Through the ifconfig command, we can see that the address of flannel.1 is 10.244.0.0, the subnet mask is 255.255.255.255, MTU is 1450, MTU needs to set aside part of it for encapsulation and overlay, and the extra overhead is used.

Cni0 appears only when pod is running.

Pod on both nodes can communicate through flannel tunnels. The VxLAN protocol is used by default, and its performance is a bit low because of its extra overhead.

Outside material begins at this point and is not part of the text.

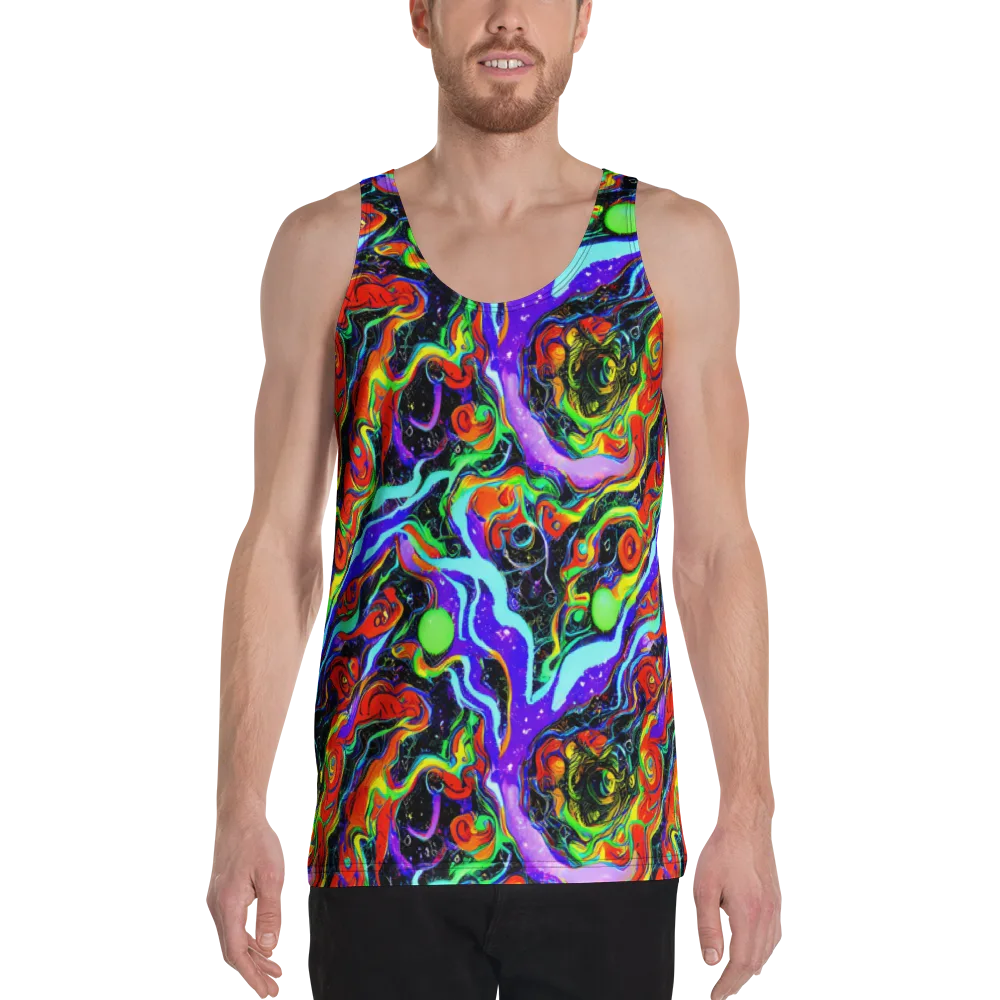 Radiant Undertow on Men's Tank Top — Front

The second flannel protocol is called host-gw (host gateway), which means that Node nodes use their network interfaces as gateways for pod, thus enabling node on different nodes to communicate. This performance is higher than VxLAN because it has no extra overhead. However, he has the disadvantage that all node nodes must be in the same network segment.

In addition, if the two pod nodes are in the same network segment, the VxLAN can also support the function of host-gw, that is, it can be routed and forwarded directly through the gateway of the physical network card instead of overlaying the tunnel flannel, thus improving the performance of the VxLAN. The function of this flannel is called directrouting.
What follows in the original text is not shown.